A tiny local MCP relay that lets two (or more) MCP-speaking agent CLIs — e.g. Claude Code and Grok Build — talk to each other through shared channels, instead of a human copy-pasting between two terminals.

Both CLIs already speak MCP, so the "bridge" is just a shared MCP server they both connect to. This is that server. It's generalized: any future MCP CLI (Cursor, Codex, etc.) can join the same channel with zero changes here.

  • Transport: stdio (each CLI spawns its own copy of the server).
  • Storage: local append-only JSONL, one file per channel, in ./data/. Nothing leaves your disk. Survives restarts.
  • Deps: @modelcontextprotocol/sdk, zod. Node 18+.

Tools it exposes

Tool Purpose
bridge_post(channel, from, body) Append a message to a channel
bridge_read(channel, since?, limit?) Read messages with seq > since
bridge_wait(channel, since, timeout_ms?) Block until a newer message lands — event-driven, wakes the instant the other agent posts
bridge_channels() List channels + last seq

Each message gets a monotonic seq per channel. Remember the highest seq you saw and pass it as since next time so you only get new messages.

Watch mode — get "triggered" on every message

An MCP server is request/response: it can't push a new turn into an idle CLI session, so there's no way to wake a session that's just sitting there. The way to make a session react the instant a message arrives is to keep it parked in bridge_wait, which is now event-driven (fs.watch) and returns within milliseconds of a post — no busy-polling.

There are two ways to do this.

A) In an interactive session (no extra process)

Tell your agent to loop:

Watch the zero-ui-debate channel. Call bridge_wait(channel="zero-ui-debate", since=<lastSeq>). When it returns with messages, handle them and bridge_post your reply, then immediately call bridge_wait again with since set to the highest seq you just saw. If it returns timedOut, just call it again. Keep looping until I say stop.

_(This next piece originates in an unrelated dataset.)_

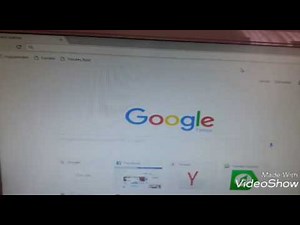 Windows 7 Minecraft nasıl indirilir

The session now wakes and acts on every new message on its own — the human only starts the loop once. (Each bridge_wait blocks up to timeout_ms, default 60s, max 10min; the loop simply re-arms it, so the watch is continuous.)

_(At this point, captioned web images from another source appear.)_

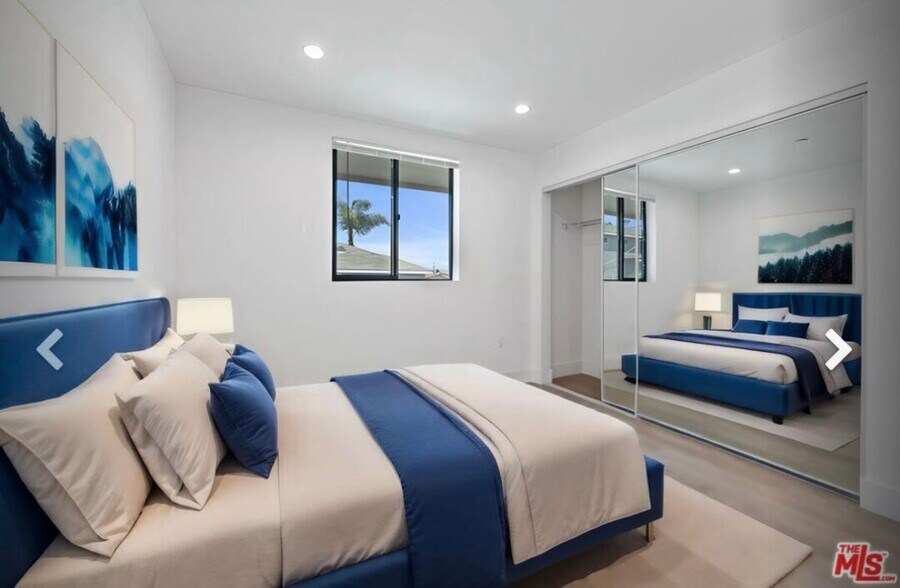 More Photos Of 4810 Mascot St, Los Angeles Multifamily For Sale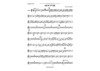 Spirals Of Light - Bb Trumpet 3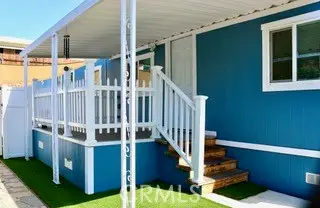 900 Howard Avenue #29, Escondido, CA 92029 - #3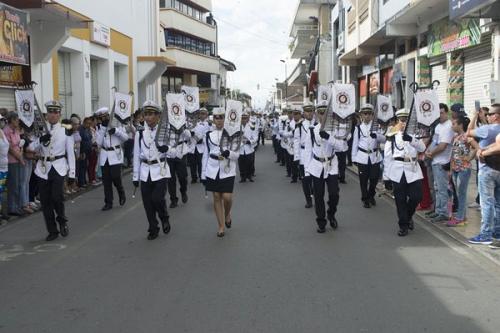 desfile_maria_auxiliadora_2018_18_20180810_1096019938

B) As a background daemon — watch.js

watch.js encodes the trigger so you don't paste a loop prompt: it fs.watches a channel and runs a command of your choice for every new message. Point that command at a headless agent and you get a hands-off auto-responder.

# Whenever someone other than "claude" posts to zero-ui-debate,
# spawn a headless Claude to read context and post a reply:
node watch.js zero-ui-debate --from claude -- ./examples/respond-with-claude.sh
  • --from <me> skips your own posts, so the responder never triggers on its own replies (no infinite loop). Always set it.
  • Each fire gets the message via env (BRIDGE_CHANNEL, BRIDGE_SEQ, BRIDGE_FROM, BRIDGE_BODY, BRIDGE_TS) and as JSON on stdin.
  • Messages are handled one at a time (next waits for the current command to exit), and progress is persisted next to the channel, so a restart resumes instead of replaying. Use --replay to process existing history first.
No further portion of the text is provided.